This tutorial will show you how to run Gallium Data on your machine, along with Vertica. Nothing will be installed permanently, it’s all done with containers, so you can throw everything away when you’re done.

There are several versions of this tutorial: 

The concepts are the same, pick the database you're most familiar with.

This tutorial will take about 10 minutes, depending on your download speed. It can be run on anything that runs Docker.

Step 1: Make sure Docker is running

For this tutorial, we will use Docker (1). To verify that Docker is indeed available:

run the following command from a command line:

docker version

You should see some output similar to this:

Client: Docker Engine - Community
Cloud integration  1.0.33
Version:           24.0.2
API version:       1.43
etc...

The exact version numbers are not important -- the important thing is that Docker needs to be running. 

If you get an error message, you'll need to get Docker up and running before you can continue with this tutorial. Fortunately, there are lots of resources that can help you with that.

We’ll be starting two Docker containers — there are more repeatable ways of doing this using e.g. Docker Compose, Kubernetes or Nomad, but for this tutorial we want to make sure every component is visible and clearly understood.

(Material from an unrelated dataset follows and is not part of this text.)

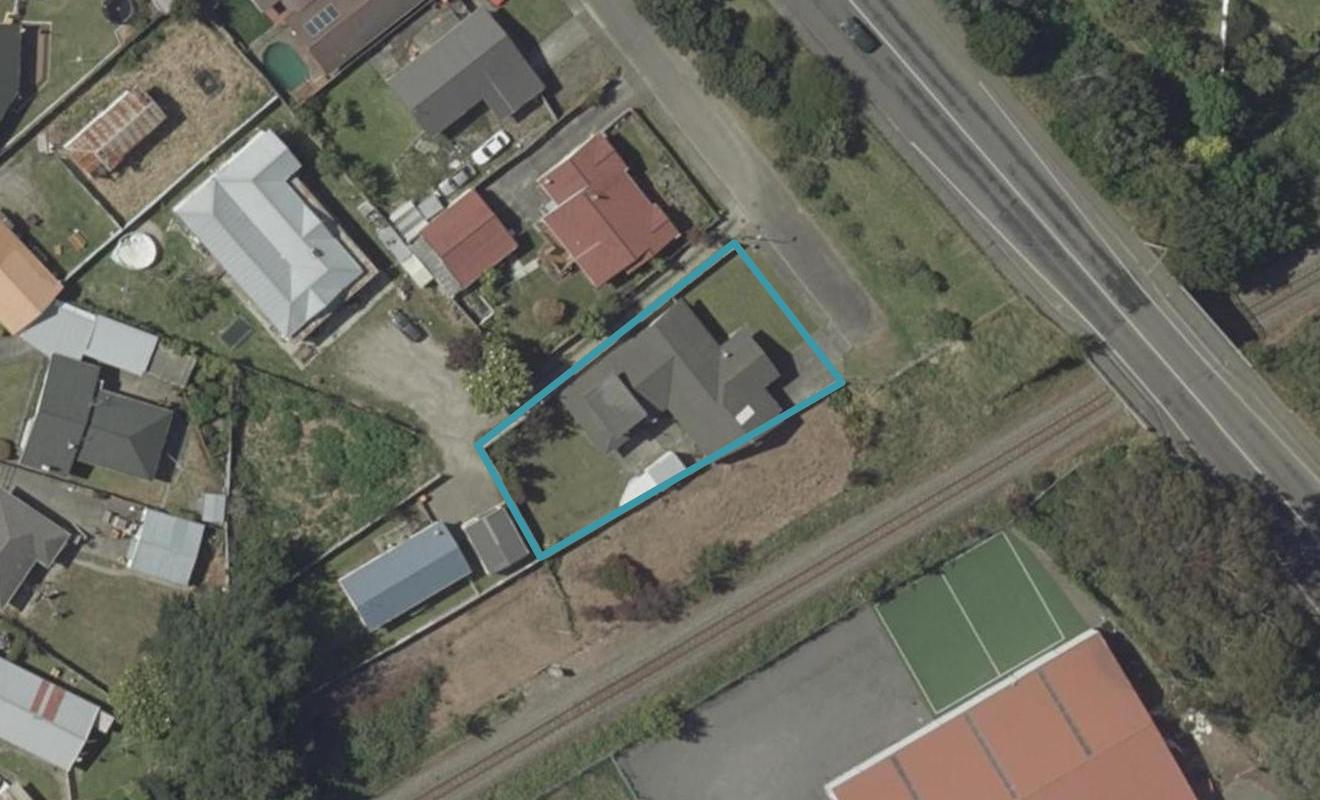 84 Gillespies Line, Cloverlea, Palmerston North - Carousel 1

We’ll be running all containers in their own Docker network, so let’s create that network

Run this from a command line:

docker network create gallium-net

The response should be a long string of letters and numbers, which you can safely ignore, something like:

9ef282f6d3cce819a etc...

If you get an error, it may be because you've run another Gallium Data tutorial before, in which case you can ignore the error and carry on.

Docker is now ready, let’s move on to the next step.

Step 2: Start the two Docker containers

If this is your first time running this tutorial, note that it will download about one gigabyte of container images, which can take a while on slower connections.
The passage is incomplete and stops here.